PALMA DE MALLORCA, Spain (Reuters) – Mallorca is scrambling to meet Germany’s new requirement that its citizens on holiday there test negative for coronavirus before their return home, opening testing centres at the airport and in large hotels, and boosting lab capacity.
Accommodating Berlin’s travel rules, introduced at three days notice, is a test for Balearic authorities and private health care providers on how flexible they must be in future months to keep foreign tourists arriving and booking more holidays.
But German tourists already in Mallorca are disgruntled at the rule change, after already having to show a negative result to enter Spain. Future bookings have also been hit.
“The process of getting a test appointment has cost us a day of our holiday, and the test several hours, it’s all quite a hassle,” German tourist Andreas, who did not give his last name, said at the airport, by a testing booth.
Battling soaring infections at home, Berlin introduced the negative test requirement for all returnees on Monday to avoid importing more cases, shortly after lifting an obligatory quarantine.
Tour operator TUI said the German government’s shifting requirements had put some people off taking a trip.
Bookings for Mallorca trips are still coming through but not at the high levels seen immediately after Germany dropped a quarantine requirement, company spokesman Aage Dünhaupt said.
That is bad news for businesses on the tourism-dependent island, which already faces a long and uncertain path to recovery after the pandemic devastated international travel.
Foreign tourism to Spain plunged 80% last year to 19 million visitors – its lowest in half a century – and few expect a return to pre-COVID levels before 2023.
German tourists must pay for the tests themselves.
For those staying in larger hotels with capacity for more than 100 people, private health companies offer in-house testing, while others at smaller sites must go to a private clinic.

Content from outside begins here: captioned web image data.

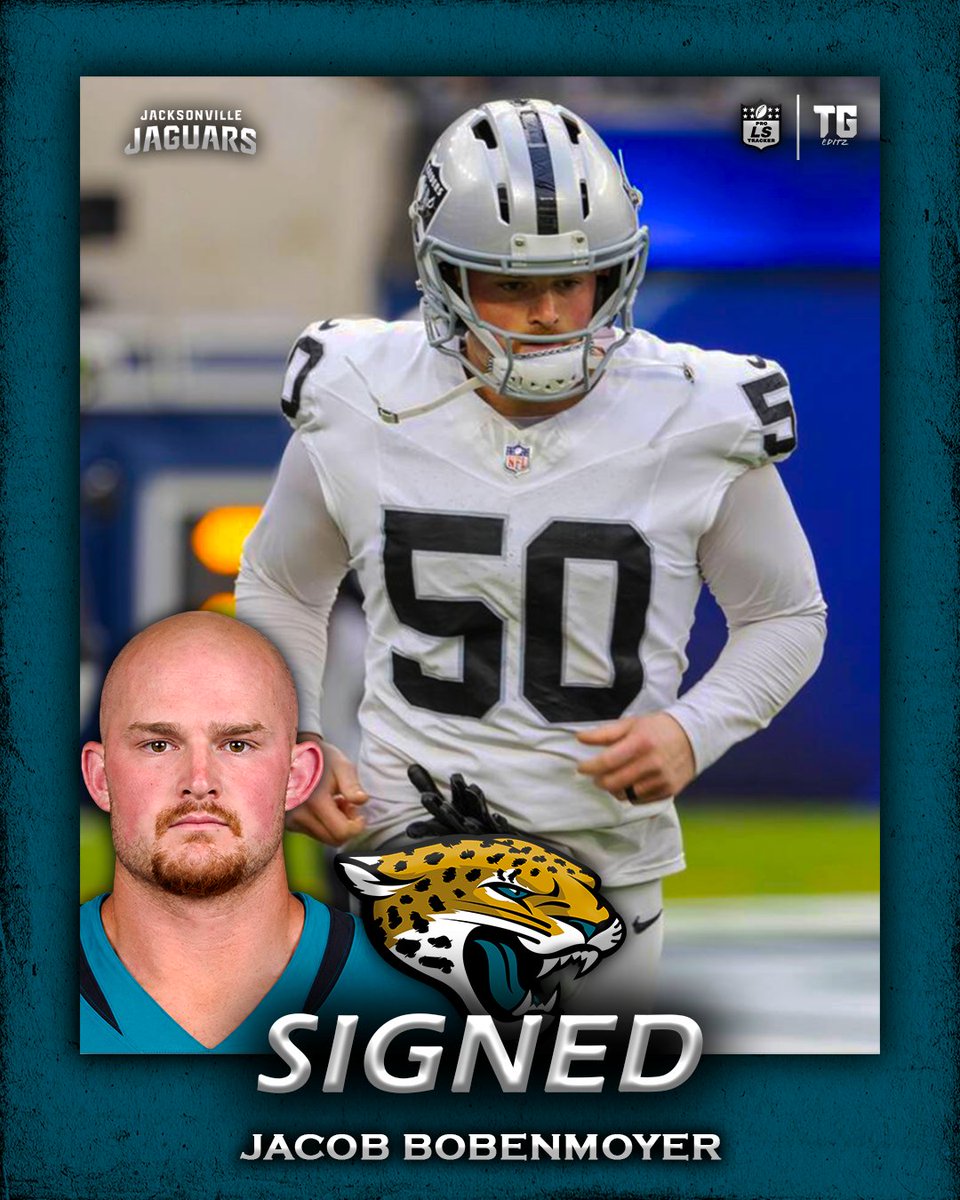ProSnapTracker's tweet photo. SIGNED:

The Jaguars have Signed Jacob Bobenmoyer (@JacobBobenmoyer)  to their Practice Squad. Bobenmoyer has played in 97 games over his NFL career, recording 22 tackles.

#JacobBobenmoyer #Jaguars #LongSnap #LongSnapper #LongSnapping #Football #Pro #NFL https://t.co/nvXsQsg0qn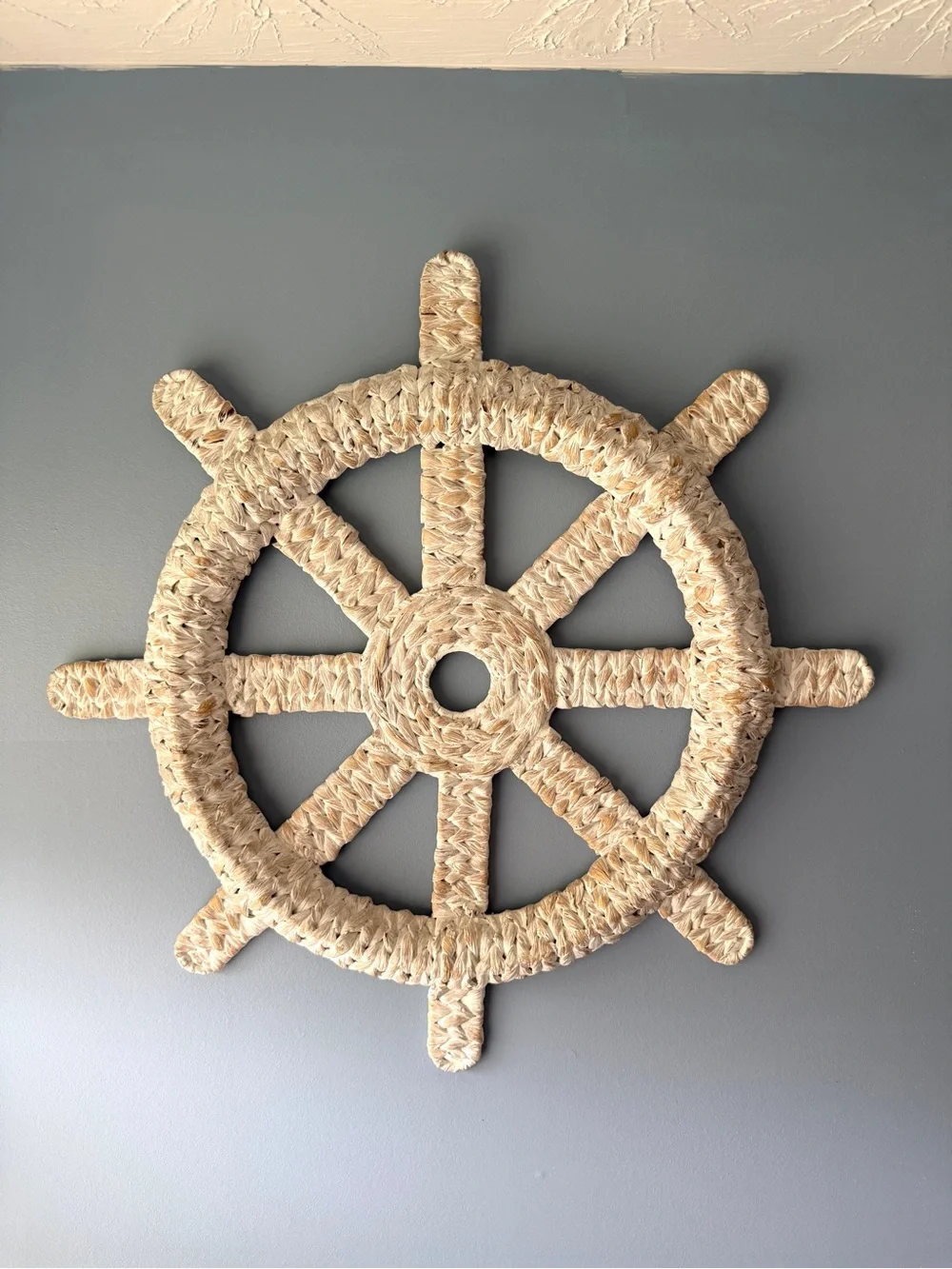 Nautical Ship Wheel Wall Decor - White and Natural Braided Wicker Rope Boho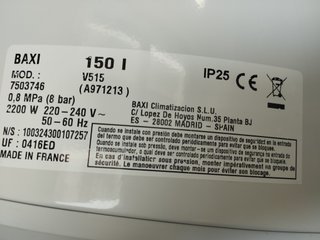 Termo eléctrico Baxi 150L de obra nueva, sin usar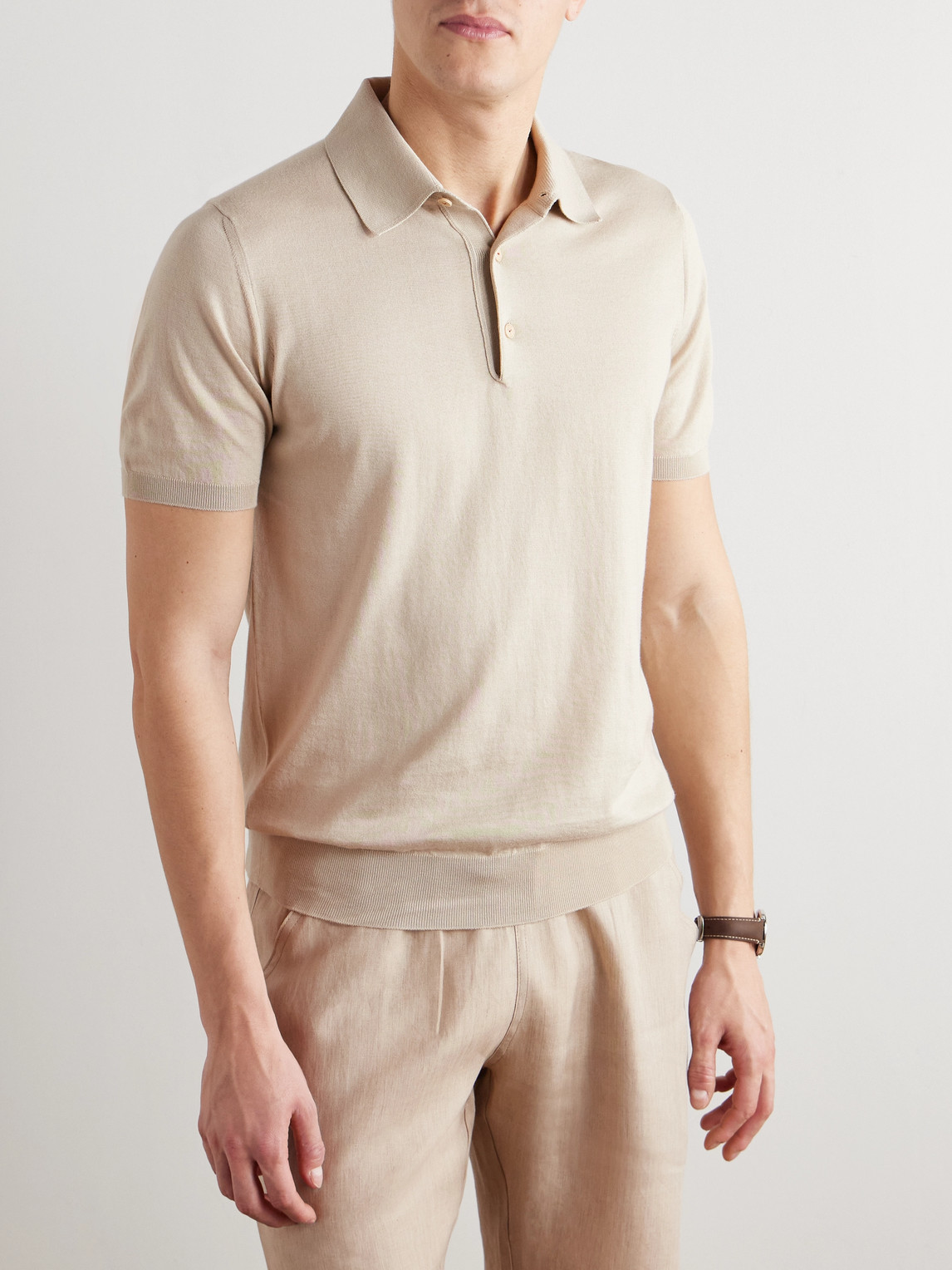 KITON COTTON POLO SHIRT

“I am here for the third time this year, but in the meantime it has got quite complicated,” complained Peter, another German heading home at the airport.
Antoni Fuster of the association of Balearic private healthcare providers said testing capacity was not a concern on the islands but tourists shouldn’t leave organising a test to the last minute.
Healthcare provider Quiron, which runs the island’s largest private lab, said it had boosted capacity to handle between 10,000 and 20,000 tests a day – for tourists and residents.
A clinic at the airport, intended as a last resort for travellers who show up without a test, has had to double capacity after long lines formed on Monday.
“We’ve seen a lot of demand and a lot of people have been complaining about the queues,” said a spokesman for Megalab, which operates the airport testing centre.
Still, the bottleneck has not led to significant delays in flights, according to airport operator AENA.
If a returning tourist tests positive for COVID-19 they are either taken to a private hospital or a hotel that has been set up to cater to asymptomatic patients or those with mild cases.
For tourists from within the Schengen area, Spain’s government passes on the cost of any enforced hospital stay to their home country, while the Balearic regional government pays for the quarantine hotel.
In Mallorca’s quarantine hotel – the Melia Palma Bay – there are 11 people in isolation: two German tourists, a family from Croatia and five local residents, the local health service said.